Dominique Papety peint les Femmes à la fontaine lors de son séjour à l’Académie de France à Rome entre 1837 et 1842. Ce tableau est l’envoi de troisième année qui sera exposé au Palais des Beaux-Arts à Paris en août 1840 sous le titre Fontaine antique, pour lequel plusieurs dessins préparatoires sont référencés (in Amprimoz, 1984, p. 197).
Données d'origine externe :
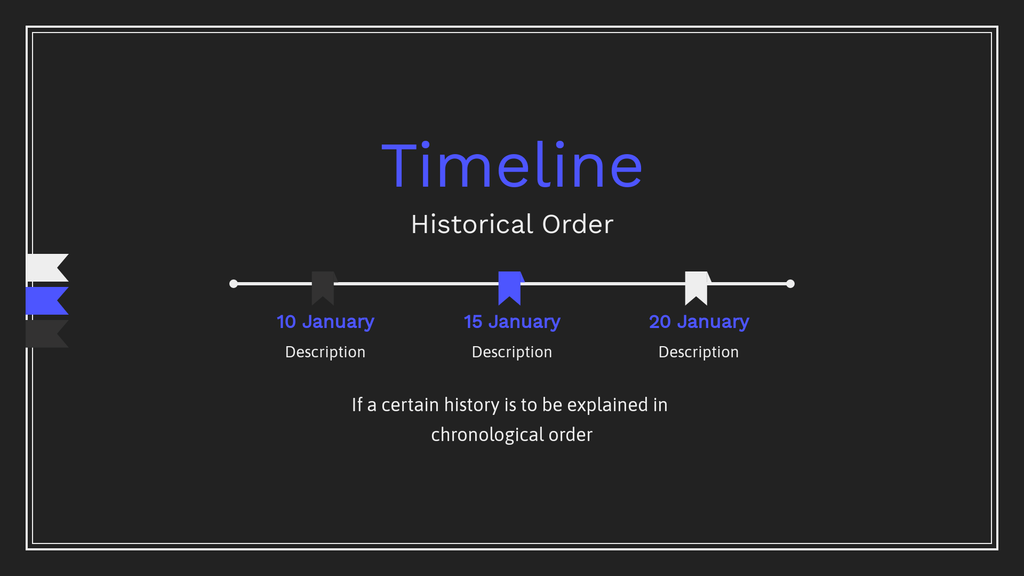 Homework Presentation A Timeline Slide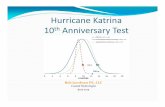 The Hurricane Katrina 10th Anniversary Test...1.Hurricane Katrina directly or indirectly caused the deaths of ___ Southeast Louisiana people: a. Less than 100. b. Between 100 and 500.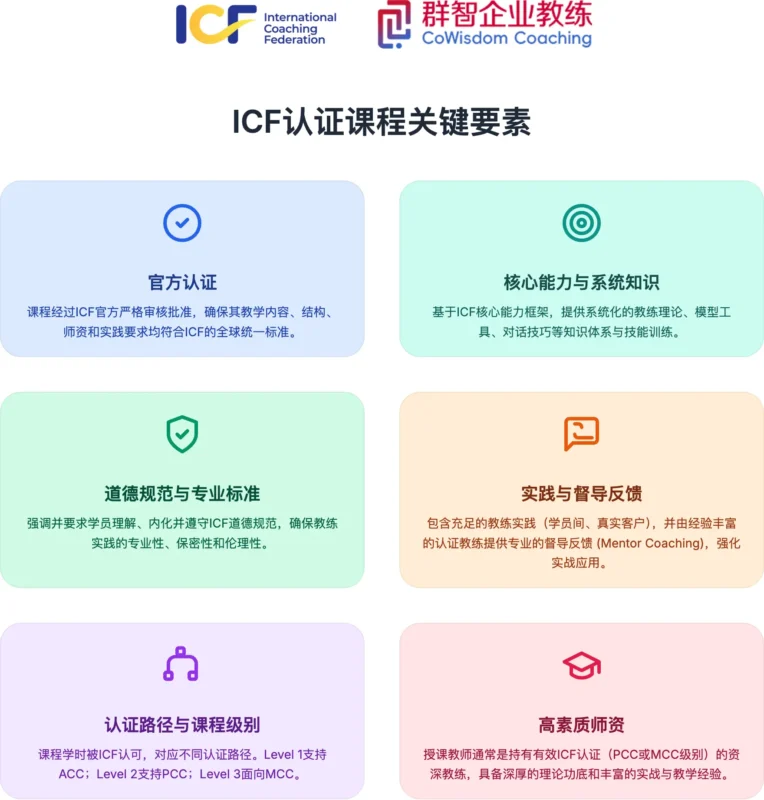 ICF认证课程关键要素
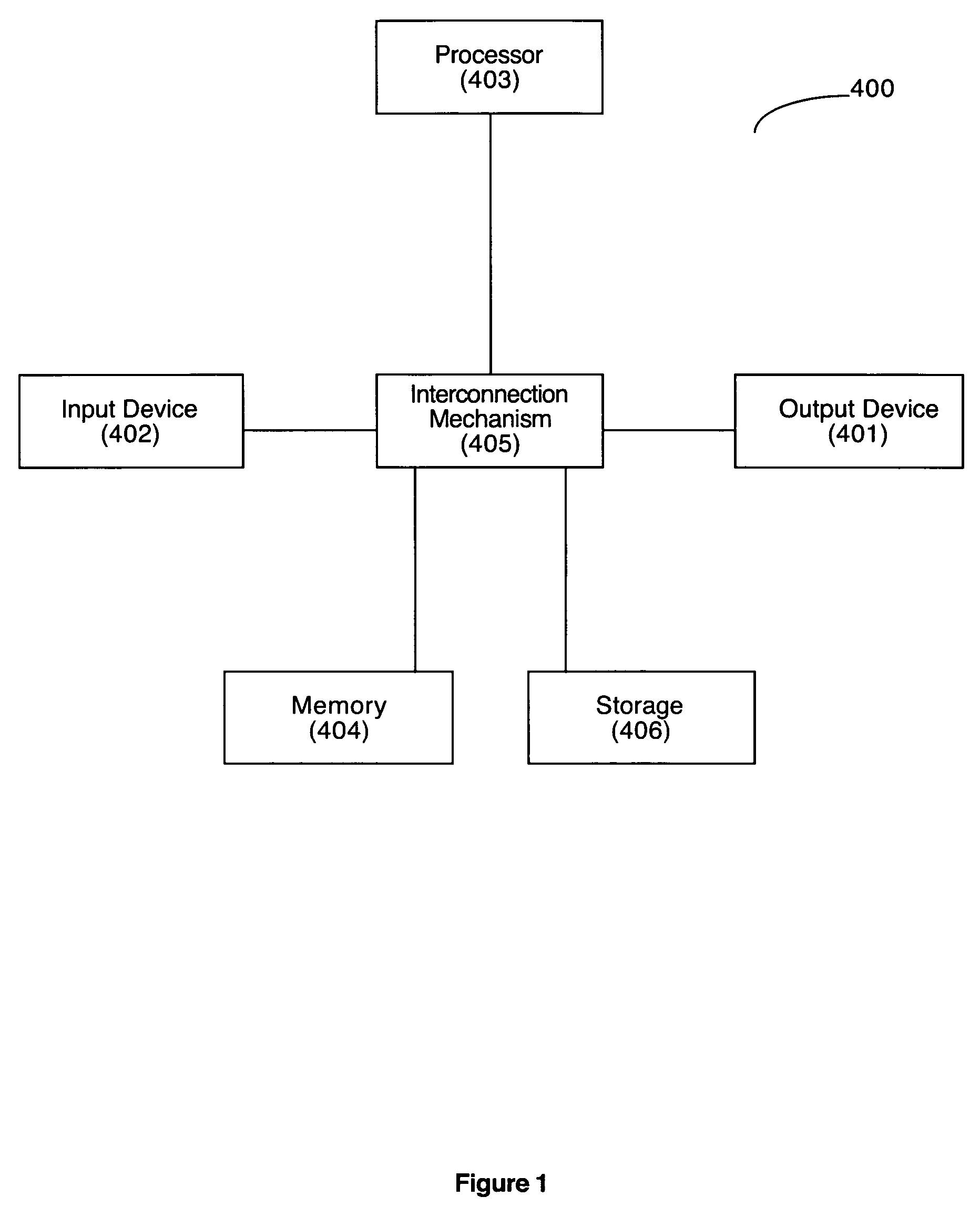 Method and apparatus for redeeming keno tickets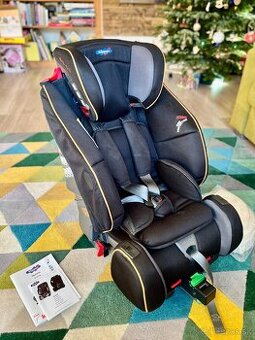 Autosedačka Klippan Triofix Maxi - 9-36 kg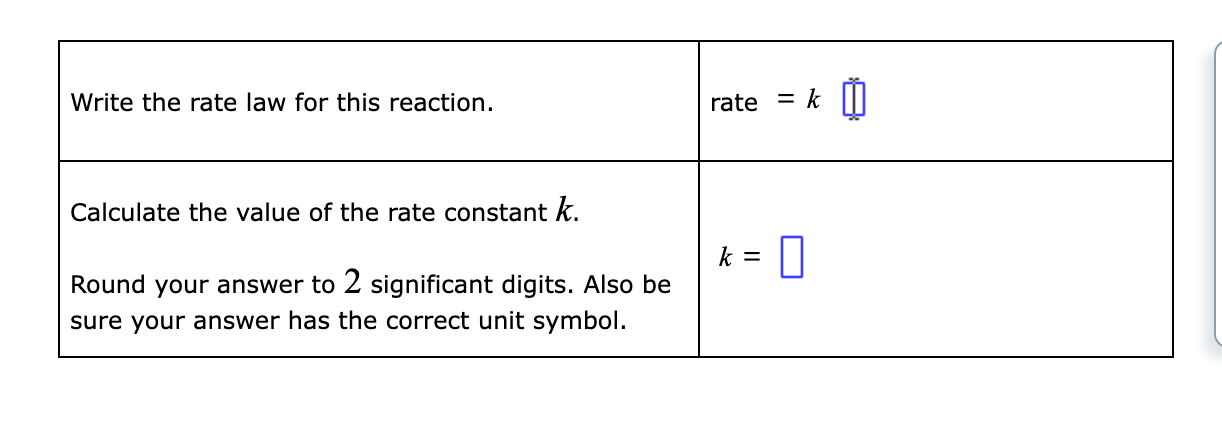 Solved A chemistry graduate student is studying the rate of | Chegg.com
Le directeur de la Villa Médicis, Jean Auguste Dominique Ingres, tient le talent du pensionnaire Papety en grande estime et l’influence fortement.
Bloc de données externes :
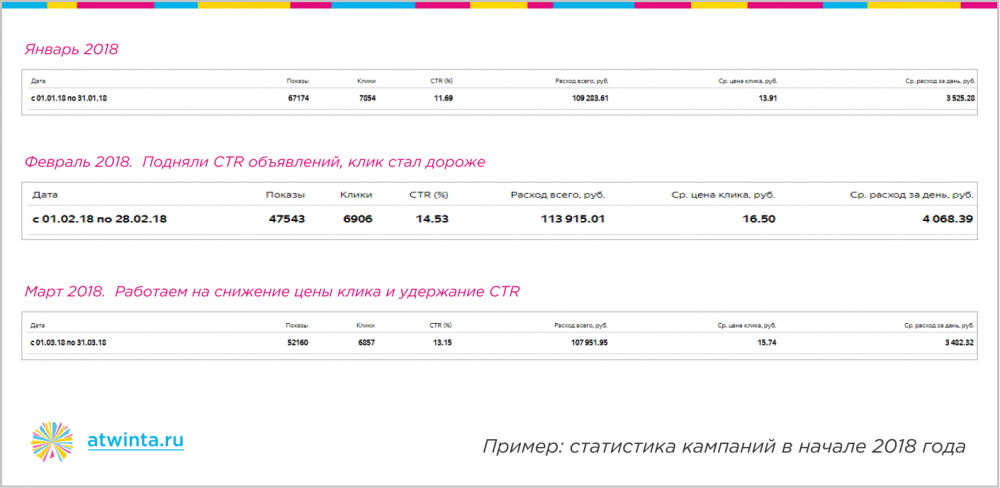 Достичь невозможного: 300 заявок на онлайн-обучение по 350 рублей из Яндекса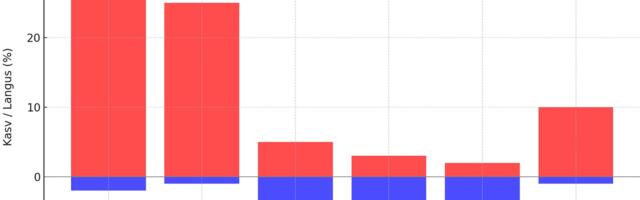 Suurte tehnoloogiaettevõtete edu jaguneb kaheks: AI tõuseb, elektroonika vajub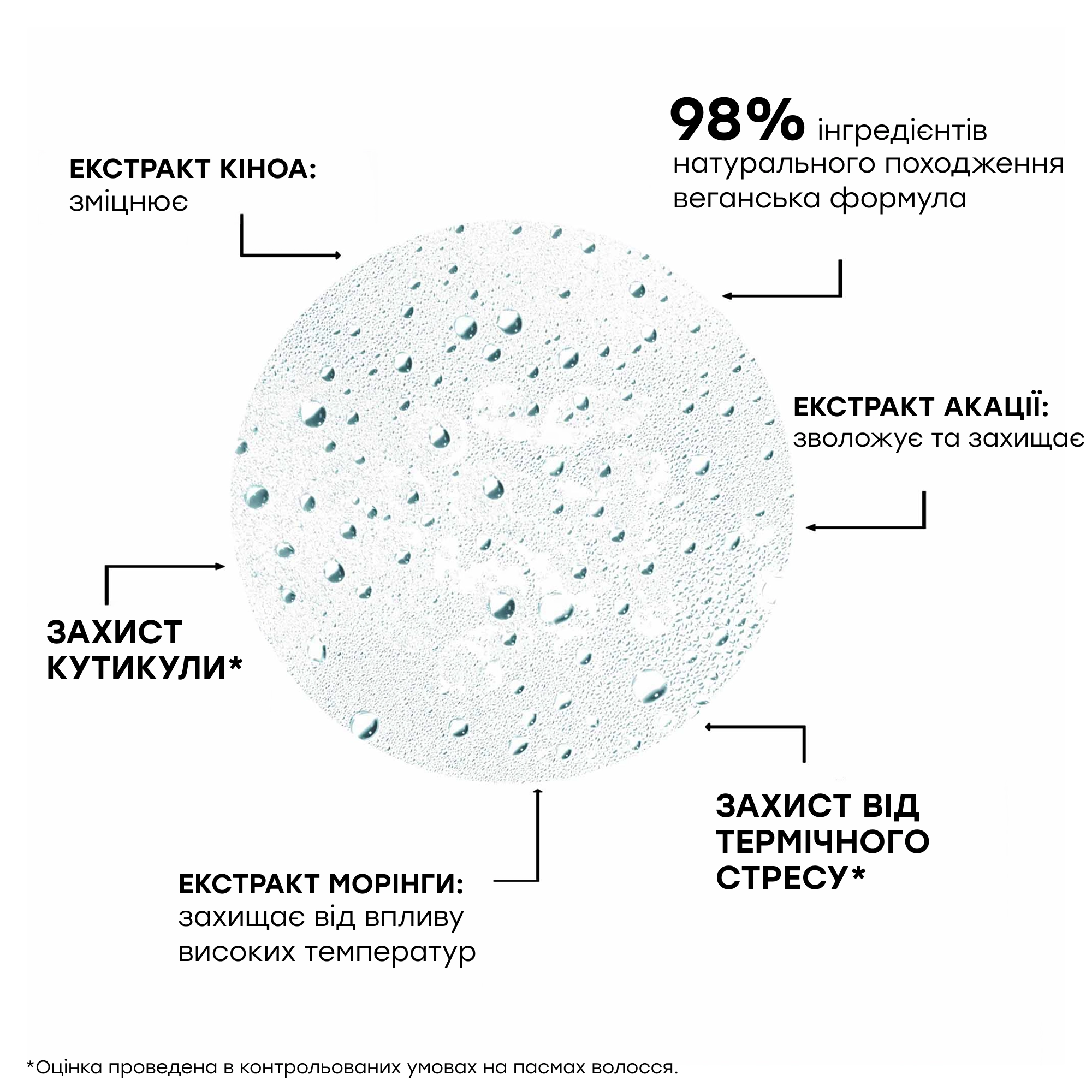 Термозахисний спрей для волосся з ефектом розплутування та надання об’єму Condition Naturelle LEONOR GREYL Обʼєм 150 мл — фото 3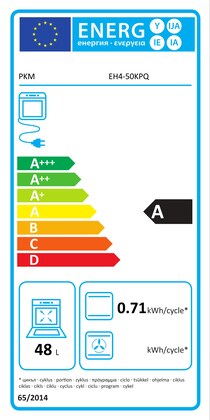 Energielabel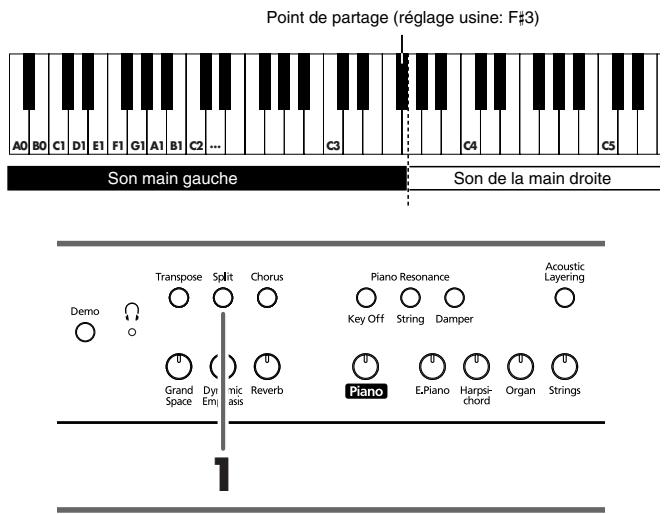 ROLAND HP-107E - Produire des sons différents des mains gauche & droite (Split) - 1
Dans un style néogrec, le tableau est inspiré par les vestiges archéologiques et marqué par le souci d’une restitution sublimée des sites antiques. La précision du dessin et la pureté de la ligne caractérisent la manière de Papety. S’il compte parmi les plus brillants suiveurs d’Ingres, on put lui reprocher la sévérité de son style et l’immobilisme sculptural de ses figures, tel le critique Fabien Pillet, dans Moniteur Universel daté du 20 août 1840, qui voit dans notre tableau « l’extrême sécheresse de touche et de dessin, les couleurs fausses donnant aux carnations l’effet de terre cuite et les draperies ressemblant à de la pierre ciselée » (in Amprimoz, 1980, p. 21).
Le thème des femmes grecques à la fontaine se rencontre à plusieurs reprises dans l’œuvre de Papety. Vers 1841, il exécute une réplique de ce tableau aux dimensions inférieures de moitié et avec des variantes, conservée au musée du Louvre.
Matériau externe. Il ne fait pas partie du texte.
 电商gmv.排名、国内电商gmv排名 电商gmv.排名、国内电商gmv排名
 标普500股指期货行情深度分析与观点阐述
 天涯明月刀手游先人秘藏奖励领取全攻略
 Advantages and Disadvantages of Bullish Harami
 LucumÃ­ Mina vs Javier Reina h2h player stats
Outre la valeur artistique majeure de l’œuvre, l’intérêt de cette acquisition pour le musée Fabre tient aussi à sa provenance. Le collectionneur et donateur montpelliérain François Sabatier (1818-1891) se lie d’amitié avec Papety dès leur rencontre à Rome. En 1846, ils entreprennent un long voyage d’étude en Grèce qu’ils conçoivent tous deux comme un voyage aux sources de l’art et de la pensée occidentale (Papety, Dominique, « Les peintures byzantines et les couvents de l’Athos », Revue des Deux Mondes, 1er juin 1847, pp. 769-789). Papety dessine des centaines d’études de paysages et de monuments antiques dont l’essentiel est légué par François Sabatier au Louvre, soit 5 albums et 130 feuilles indépendantes.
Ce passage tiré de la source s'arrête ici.